Reviews

Adding Machine: A Musical

The Hypocrites’ take on Elmer Rice’s expressionist play is haunting and dissonant.

The cast of Adding Machine: A Musical, directed by Geoff Button, at the Den Theatre.
The cast of Adding Machine: A Musical, directed by Geoff Button, at the Den Theatre.
(© Matthew Gregory Hollis)

Elmer Rice's 1923 play The Adding Machine, inspired heavily by the Expressionist movement of Weimar Germany, does not outwardly seem like an obvious foundation for a musical. However, when a jarringly beautiful score by Joshua Schmidt and a libretto by Schmidt and Jason Loewith are layered in, along with the take-no-prisoners aesthetic of the Hypocrites, you get a one-act production well worth seeing.

Mr. Zero (Patrick Du Laney) is not a traditional musical-theater leading man. He is cowardly, weak-willed, and fairly stupid. He is married to a woman he despises (Kelli Harrington), and trapped in the endless repetition of his number-crunching job at a nameless company. On the 25th anniversary of his employment, Mr. Zero's Boss (Andres Enriquez) keeps him after work to explain that he will be replaced by an adding machine.

To make matters worse, Mr. Zero is now late to his wife's dinner party with the Ones (Jonah D. Winston and Laura McClain) and the Twos (John Taflan and Tyler Brown). Desperate and full of self-pity, Mr. Zero staggers his way through Mrs. Zero's party, as well as a murder, incarceration, execution, a visit to Elysian Fields, and a revelation about the ultimate fate of mankind, all of which are jam-packed into a 95-minute show.

Patrick Du Laney is an excellent Mr. Zero, despite seeming almost too young and vital for the role. Though his voice is not showcased until the middle of the show, it is strong and soulful. As Mrs. Zero, Harrington nags, brays, and begs with an exquisite, steely voice. Zero's prison cellmate Shrdlu (Bear Bellinger) commands the stage in an extended sequence that drags on a few minutes too long, a rare misstep in this carefully paced show.

Joshua Schmidt's rhythmic and dissonant score is appropriately unsettling, echoing itself mechanically as Mr. Zero's life grinds on. The dream sequences are more traditionally sung, most notably "I'd Rather Watch You," a knockout torch song performed by Mr. Zero's bashful coworker Daisy (the delightful Neala Barron).

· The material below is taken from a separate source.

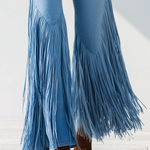 Trendy Retro Tassel Flared Jeans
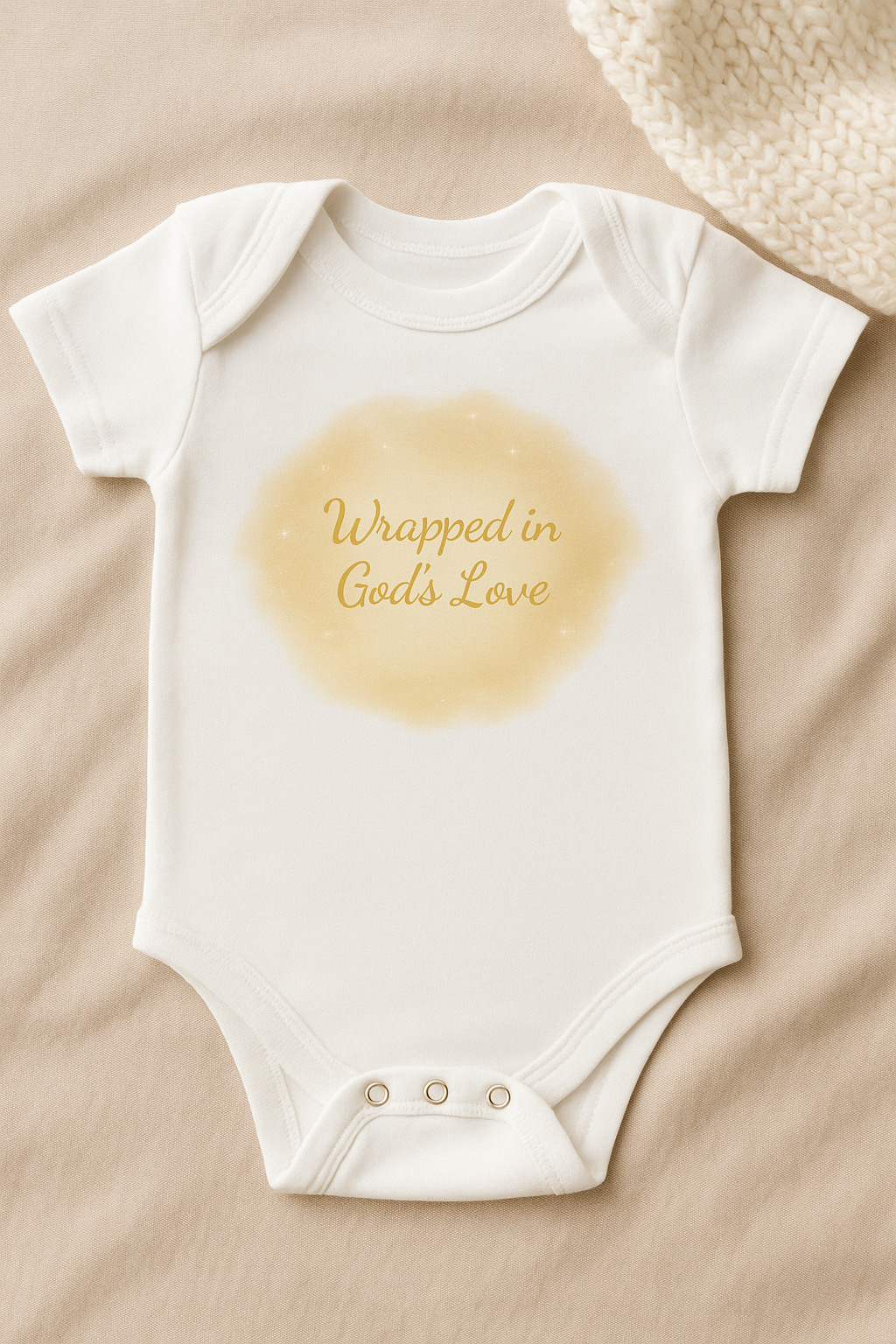 Wrapped in God’s Love — Unisex Baby short sleeve one piece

Set designer Lauren Nigiri has created prisons — the literal kind made of brick and dark metal, and the figurative kind created by a hazy, endlessly bleak feel. Even her take on Elysian Fields, the land of eternal rest, is amusingly soulless and artificial. The cast putters around in drab, ill-fitting clothing, an appropriately expressionistic choice by costume designer Izumi Inaba. Co-sound designers Joe Court and Brandon Reed produced a soundscape that, while evocative, sometimes seems too large for the space. The lighting design by Mike Durst occasionally veers too far into camp, with hidden LEDs and colorful bursts that don't quite succeed in setting the tone.

In typical Hypocrites fashion, the ensemble is used to great effect. Geoff Button's direction emphasizes mankind's place in the machine, casting the members of the chorus as a coatrack, a clock, and mindless afterlife attendees. When they are playing human beings, the cast is alternately hunched over and muttering, or smiling with empty eyes — either way, nobody really looks at anybody else. Katie Spelman's choreography blends in and out seamlessly and continues the mechanical theme.

Schmidt & Loewith's musical adaptation is a thoughtful examination of Elmer Rice's themes, and an excellent match for the Hypocrites' unique aesthetic. Mr. Zero's fate is as present a fear in 2016 as it was in 1923: You give the best years of your life to a corporation and carve out a path for yourself, only to be replaced by a machine.